I am using the double whammy of gaiwan and aroma cup set to brew the leaves, and I am pleased to say that I have not once spilled or burned myself while doing the epic cup flip. As a notoriously clumsy person, this is really an impressive feat! The brewed leaves are sweet and creamy, and of course very floral, it blends the aroma of jasmine, orchid, honeysuckle, and gardenia in a heady floral dance. The liquid, ok guys, I am going to be honest, I am at a loss for words, almost. Imagine taking the nectar of these flowers and making a cup of it, it smells just like that, honey sweet and delightfully floral. I spent quite a bit of time sniffing the tea, it was a good way to wait for it to cool.
The flower nectar comparison continues! Good heavens this is delicious, it is of course a bit mild because it is a first steep, but it is delightfully smooth. The creamy notes mixed with the smooth texture gives it a bit of a buttery feel, which makes my mouth happy, it coats the mouth with sweetness and floral notes. And oh those heady floral notes, it blends jasmine, orchid, and gardenia perfectly, it manages to be intensely floral while not being like perfume. First steep is made of win.
Smelling the tea (the aroma cup is so fun! I do not burn my nose as often!) the liquid is much sweeter and headier, there is a flower explosion in my nose! Oh by the flowery heavens this tea is going to haunt my dreams for all eternity, it smells like a steamy conservatory in full bloom, it is sleepy and beautiful. This might be the most girly tea I have ever sipped, I feel like a princess while drinking it, like I am drowning in flower nectar. It reminds me of a combination of a conservatory and my favorite flowers from my mom and grandmother’s gardens in the South. The notes of honeysuckle, gardenia, orchid, and jasmine are so heady, but again, it is not like cloying perfume.
I found the third steep was pretty much identical to the second in aroma. There was more sweetness and the jasmine and gardenia are overtaken by the tea’s natural honeysuckle and orchid notes. So even as the scented qualities fade, the base tea is delightful. The finish is honey sweet and creamy, and it lingers. I won’t lie, I motored through my sample at more or less light speed, I will be buying more of this tea for my collection, it does such amazing things to my brain. It feels and tastes beautiful, and I really do feel like royalty while sipping it.

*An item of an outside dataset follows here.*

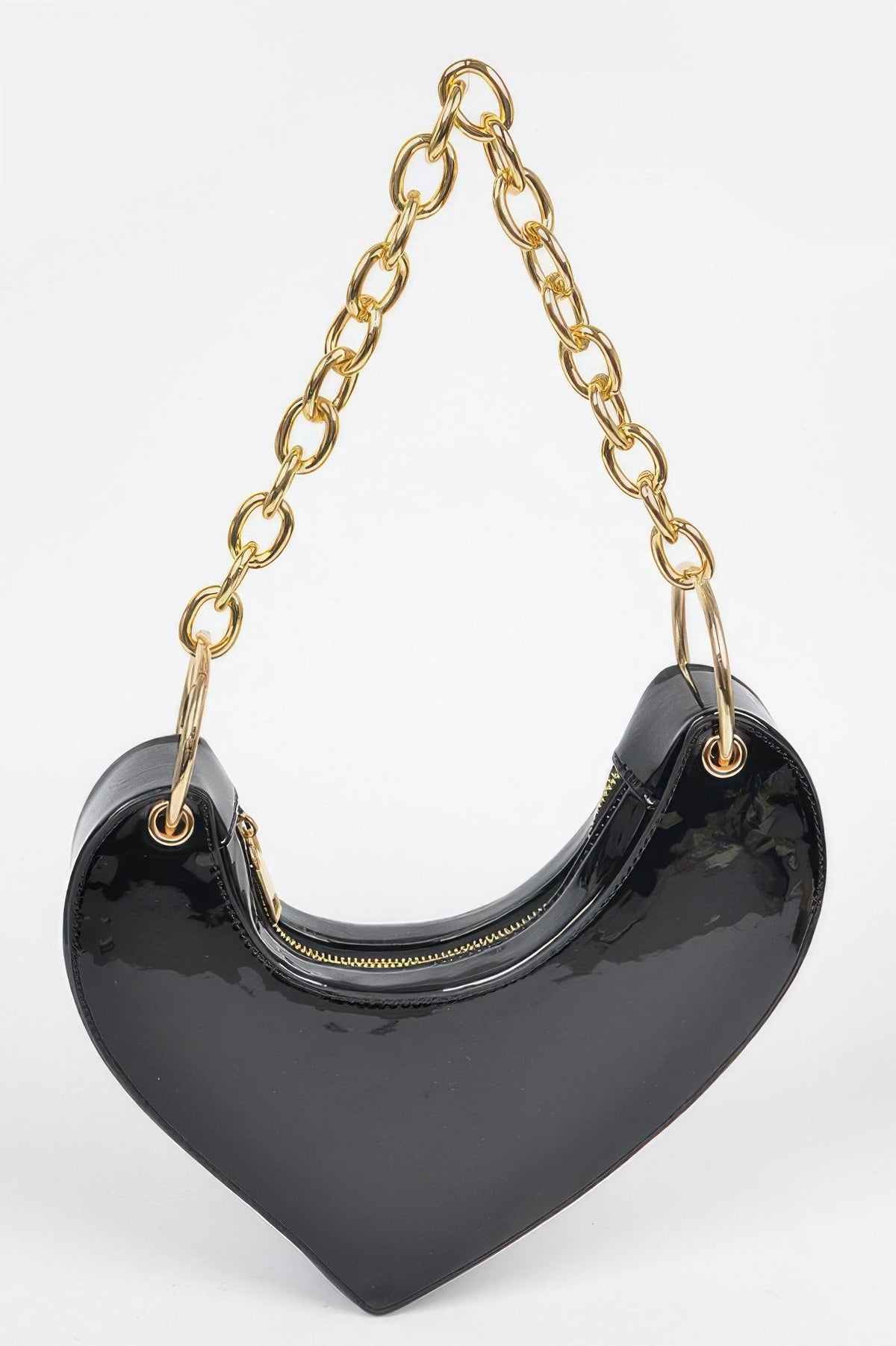 The Oversized Heart Handle Clutch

I think my computer has a grudge against me personally (ok no, it also hates Ben) because it has the most god awful internet connection in my bedroom. Anywhere else in the house is fine, but in the bedroom…where I do my work…it will not connect. It is driving me absolutely bonkers!! I have finally saved enough money to buy Ben’s birthday present (it is a new computer, woo!) and was going to then save up to replenish my dwindling tea stash, but now I have to get a Wi-Fi booster instead. How annoying!! Ah well, life goes on, at least I got to use the phrase ‘I am priming my ovipositor’ today, which is something I never thought I would say, so life isn’t too bad.
Today is the last day of Dark Tea Week, it is also the grand opening of M&K’s Tea Company’s website! Previously they had an etsy store which I had great fun visiting (especially for holiday themed teas) and spent a great deal of time admiring their awesome aesthetic. Last order I placed (back when I was chillin’ in PA with me mum) I was sent a sample of Menghai Lao Tou Pu-erh (Ripe/Shou, 1999) and holy cheese doodles that was a long time ago, I also say that 1999 was one of the best years of my life until recently, seriously that year was amazing. I was going to post a photo of me from that time, but alas I cannot seem to find one, so you must all be content with just imagining me in my gothic glory. But this is not all about me reminiscing, this is about a tea from bonkers forever ago, hailing from Menghai County in Xishuangbanna, Yunnan, this tea is a real nugget of fun, no really, Lao Tou means old nugget, a result of piling while being fermented. The aroma of these nuggets is woody primarily, with secondary notes of loam, old oak wood (reminds me of an old oak cask or trunk) a forest floor, and a tiny bit of a meaty-mushroomy-savory note at the finish. This is a very woody shou, not as loamy as some.
Into ye’ ol elephant pot it goes! Not the pot that gets the most use in my collection, but it certainly might be the one with the most personality! The aroma of the nuggets (even after rinsing they are still pretty solid) is a blend of molasses, pine forest loam, oak wood, and a touch of meatiness. It blends woody sharpness and loamy earthiness really well, more balanced than the dry leaves. The liquid has a stronger savory note and a nice mineral note to join the woodiness and earthiness, it is not a hugely complex pile of notes, but it is quite tasty smelling. Happy nose!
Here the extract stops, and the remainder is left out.